▸ **Data section**
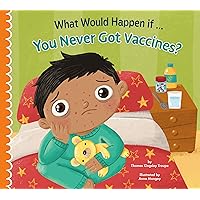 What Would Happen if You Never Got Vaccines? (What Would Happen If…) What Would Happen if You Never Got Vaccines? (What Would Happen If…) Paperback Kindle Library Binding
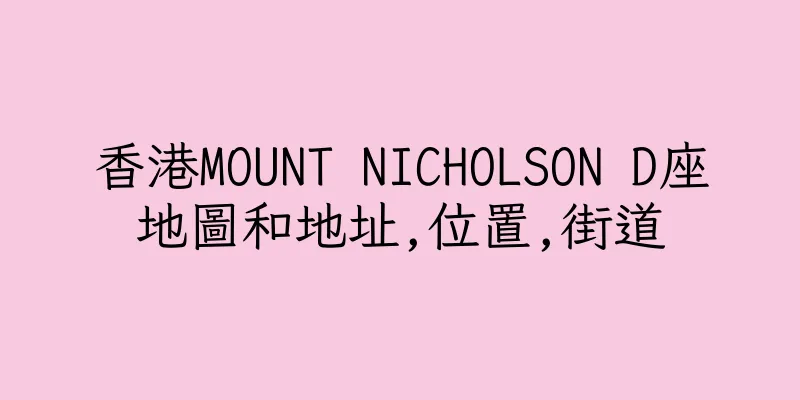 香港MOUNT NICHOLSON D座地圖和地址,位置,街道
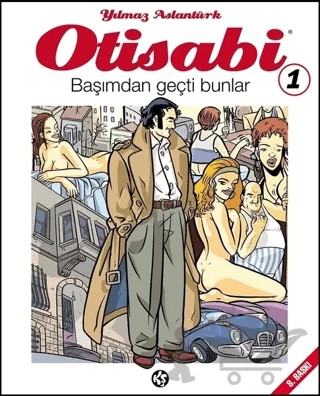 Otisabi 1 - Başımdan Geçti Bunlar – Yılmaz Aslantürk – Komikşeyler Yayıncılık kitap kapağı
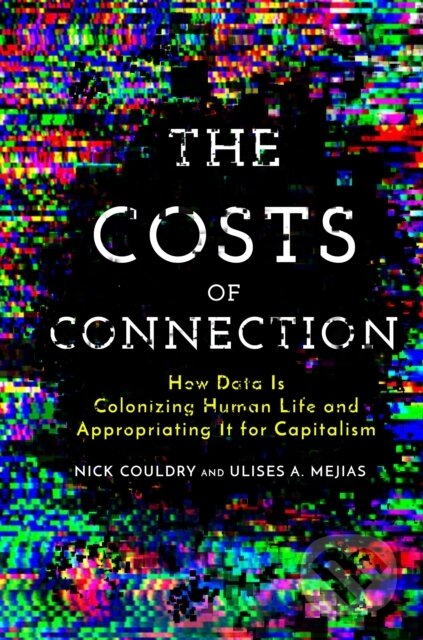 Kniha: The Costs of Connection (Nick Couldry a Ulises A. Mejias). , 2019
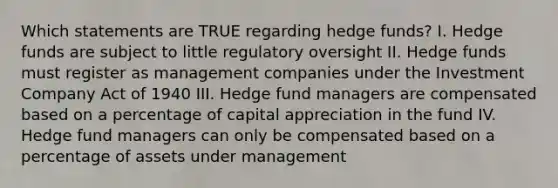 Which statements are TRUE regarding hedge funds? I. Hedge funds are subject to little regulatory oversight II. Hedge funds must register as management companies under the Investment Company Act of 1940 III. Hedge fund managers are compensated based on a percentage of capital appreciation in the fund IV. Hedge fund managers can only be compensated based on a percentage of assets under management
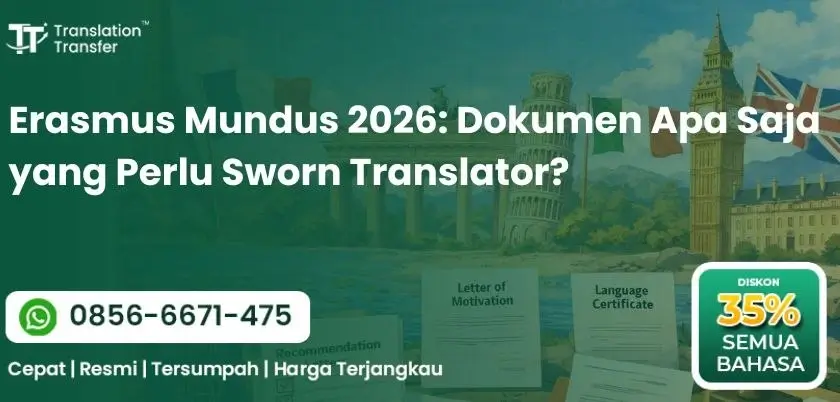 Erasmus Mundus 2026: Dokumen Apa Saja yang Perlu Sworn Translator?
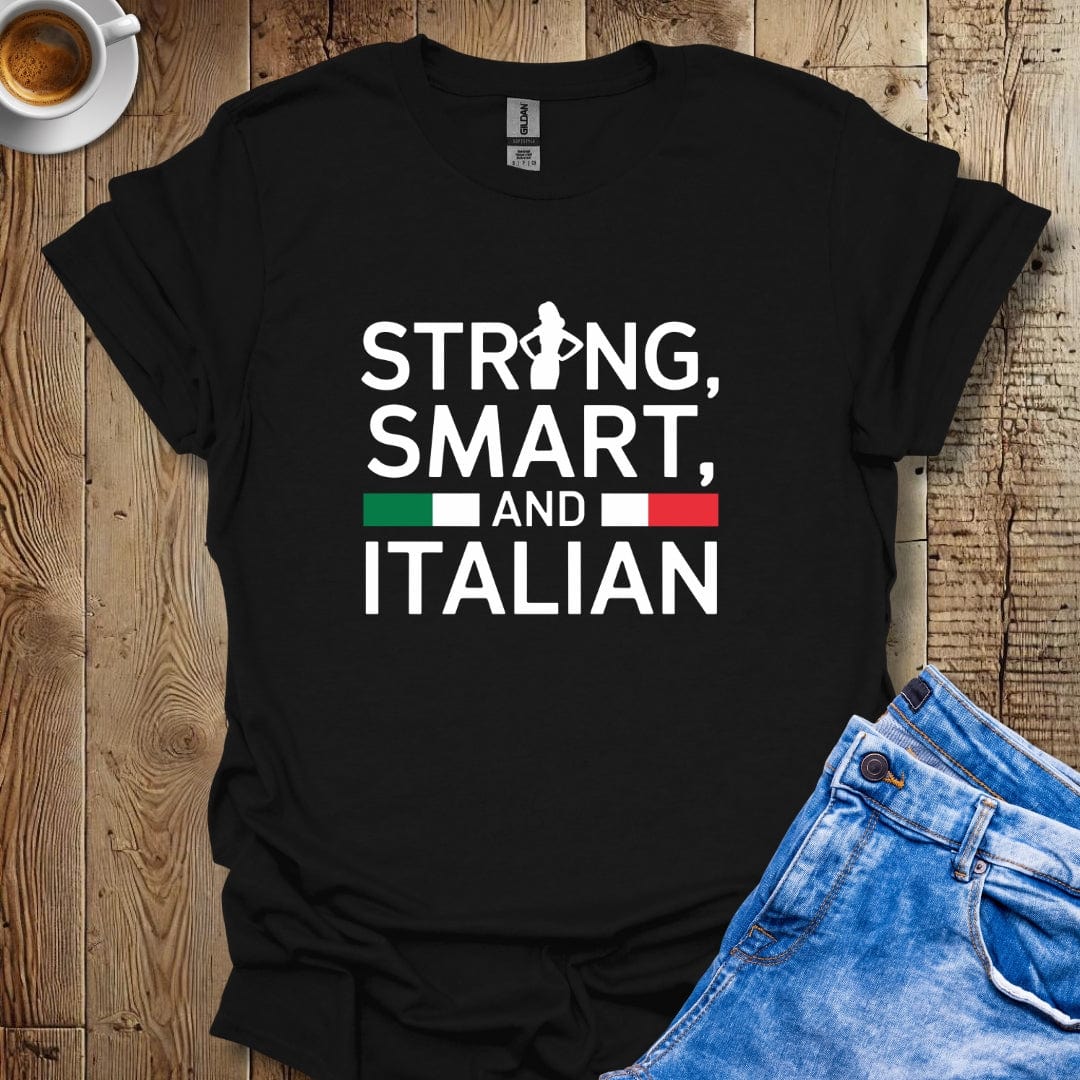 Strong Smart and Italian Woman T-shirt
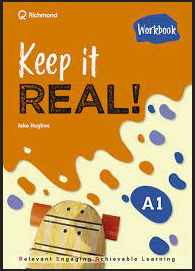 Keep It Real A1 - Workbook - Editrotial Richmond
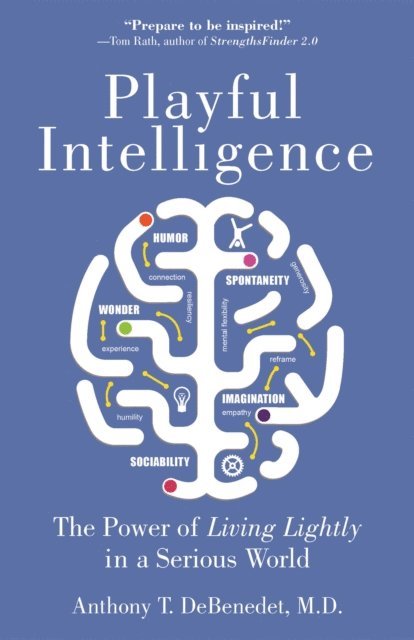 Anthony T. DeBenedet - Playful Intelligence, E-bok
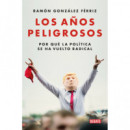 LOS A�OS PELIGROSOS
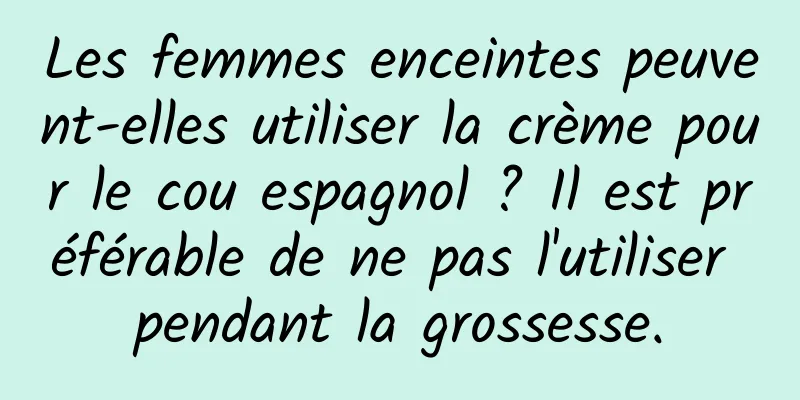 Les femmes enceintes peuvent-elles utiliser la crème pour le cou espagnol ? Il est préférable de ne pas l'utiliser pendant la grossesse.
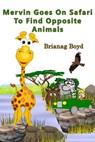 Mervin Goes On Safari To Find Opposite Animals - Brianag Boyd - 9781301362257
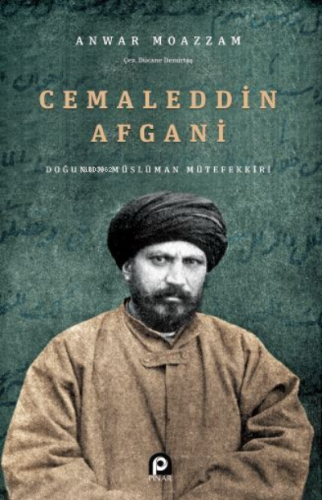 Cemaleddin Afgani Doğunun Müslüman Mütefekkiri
...
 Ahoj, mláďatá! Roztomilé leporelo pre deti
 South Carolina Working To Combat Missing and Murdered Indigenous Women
* * *
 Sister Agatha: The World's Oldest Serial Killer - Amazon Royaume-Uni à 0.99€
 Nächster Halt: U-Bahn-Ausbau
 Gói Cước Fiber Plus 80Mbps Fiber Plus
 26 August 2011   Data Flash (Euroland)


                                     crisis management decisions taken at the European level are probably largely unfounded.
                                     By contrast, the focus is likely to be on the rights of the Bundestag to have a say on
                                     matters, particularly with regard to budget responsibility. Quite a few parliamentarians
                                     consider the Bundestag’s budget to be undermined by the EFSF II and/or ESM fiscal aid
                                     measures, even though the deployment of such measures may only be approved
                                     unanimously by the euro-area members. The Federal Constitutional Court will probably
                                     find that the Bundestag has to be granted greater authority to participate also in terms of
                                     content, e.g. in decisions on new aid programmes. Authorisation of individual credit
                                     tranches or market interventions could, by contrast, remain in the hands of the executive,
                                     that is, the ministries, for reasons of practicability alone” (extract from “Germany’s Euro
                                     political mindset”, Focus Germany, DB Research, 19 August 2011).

▸ **Exercise objective**
In the listing above, find the line containing "By contrast, the" and the line containing "find that the", then quote both, plus every line between them, exactly as written.

▸ **Task result**
                                     By contrast, the focus is likely to be on the rights of the Bundestag to have a say on
                                     matters, particularly with regard to budget responsibility. Quite a few parliamentarians
                                     consider the Bundestag’s budget to be undermined by the EFSF II and/or ESM fiscal aid
                                     measures, even though the deployment of such measures may only be approved
                                     unanimously by the euro-area members. The Federal Constitutional Court will probably
                                     find that the Bundestag has to be granted greater authority to participate also in terms of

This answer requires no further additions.